In this homework, we will work with the following relational schema:

  • Employee (eid, name, office) — each row gives the unique ID of the employee (eid) along with their name and address.
  • Manager (eid, mid) — each row says that the employee with ID mid is a manager of the employee with ID eid.

Both the eid and mid values in Manager should hold the IDs of employees that exist. That is, both columns eid and mid in Manager are foreign key references to Employee(eid).

Also note that each employee can have multiple managers, and each manager can manage multiple employees. This is why Manager has no primary key.

Problems

For each query described below, show how to find the answer using datalog and relational algebra. In other words, your answer to each question will have two parts, where part (a) is a datalog program and part (b) is a relational algebra expression, both of which express the same query.

Assume that your datalog programs are using set semantics. However, for relational algebra, we will use bag semantics.

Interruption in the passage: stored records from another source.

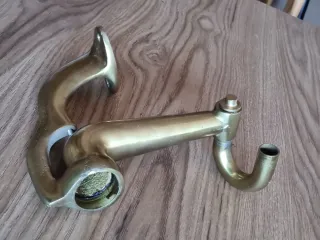 Antiguo soporte para gramófono de bocina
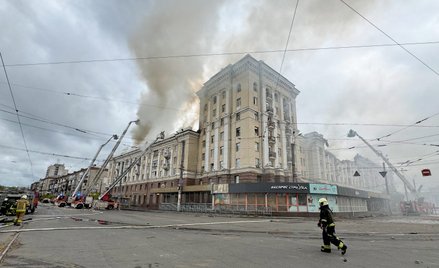 Ukraińcom brakuje systemów obrony powietrznej. Na zdjęciu zbombardowany przez Rosjan budynek mieszka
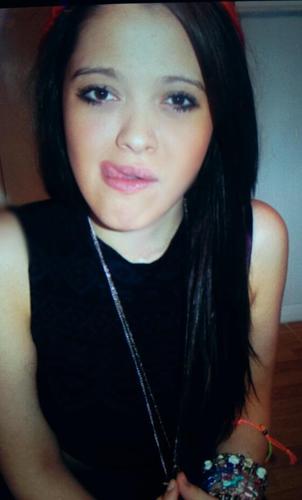 I love Justin Bieber, chocolate, and food.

  1. [3 points] Retrieve all employees that have two or more managers. Output their IDs and names.
  2. [3 points] Retrieve all employees that have no managers. (For example, the CEO of the company has no manager.) Output their IDs and names.
  3. [3 points] Retrieve the offices of all managers of employees named 'Alice'. (Note that there could be multiple employees named 'Alice', and each such employee could have multiple managers.)
  4. [3 points] Find all the managers with the property that every employee they manage is located in same office. Output the manager's ID and name and the office where all their employees are located.
  5. [3 points] Find all the "second-level managers", that is, those managers who manage at least one employee that is also a manager (i.e., that manages at least one other employee). Output each second-level manager's ID and name.

Optional: If you want to double check your answers, you can try executing them in DLV. (You will need to make up some facts about Employees and Managers.)

Extra Credit:

  • [1 point] Write a datalog query that finds all employees that report directly or indirectly to 'Alice'. That is, your query should return the employees managed by Alice, the employees managed by someone managed by Alice, and so on.